Hick’s Pragmatic Argument against Religious Particularism

Kai-man KWAN

        Hick says, "At the end of the twentieth century Christianity is in deep crisis. The theological structure developed by the Western church has come to seem hollow and irrelevant to the majority of Westerners, and seems foreign and alien, as an extension of Western cultural hegemony, to many Christians in Africa, India, China, and the East generally."[1] One aspect of this crisis is "the widespread realization that Christianity is only one among several great world religions. Judaism, Islam, Hinduism, Buddhism now appear to many as different but, judging by their fruits in human life, equally authentic responses to God, the Divine, the Ultimate, the Real."[2] So we have an urgent need to rethink Christianity's dogmas of superiority. For Hick, only religious pluralism can help us to express an "intellectually honest and realistic Christian faith" Only it can "speak to the deep religious concern that exists as strongly as ever among a Western population that has long since ceased to be captivated by traditional institutional religion."[3] It is shown by the fact that "growing numbers of church members" resort to a metaphorical understanding of the creeds.[4] All in all, Hick thinks that pluralism is not only theoretically superior to particularism, it is also practically necessary for the future survival of Christianity.
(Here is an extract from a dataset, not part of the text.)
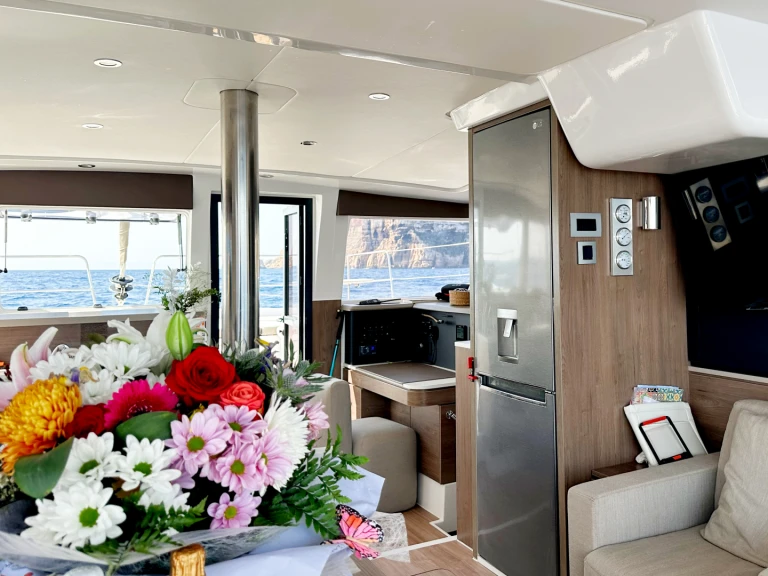 Huur een Catana BALI4.2 in Dénia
        However, the alleged pragmatic advantages of religious pluralism over particularism seem dubious to me:
1)      For the thoroughly secularised Western people, both religious pluralism and exlcusivism are equally nonsensical.
2)      For those Westerners who are alienated by the traditional dogmas of the Church but who are still spiritually minded, pluralism might help them to make peace with the Church but it will not encourage commitment: why can't they find spiritual satisfaction elsewhere?
3)      For those who want a reason for their commitment to Christianity, religious pluralism will only remove their rationales for coming to the Church or believing in Christianity!
4)      In Asia, Africa, etc., Christianity is only one among many other native and non-native religions which have been there for a long time. If the Asian people are told that Christianity cannot offer anything that cannot be obtained from their old options, why then do they need to choose Christianity? As an Asian, I think Hick’s comment on the Asian Christians is wide of the mark. I suspect what he says there is largely based on his reading of the “Asian theologians,” who can hardly represent Asian Christians.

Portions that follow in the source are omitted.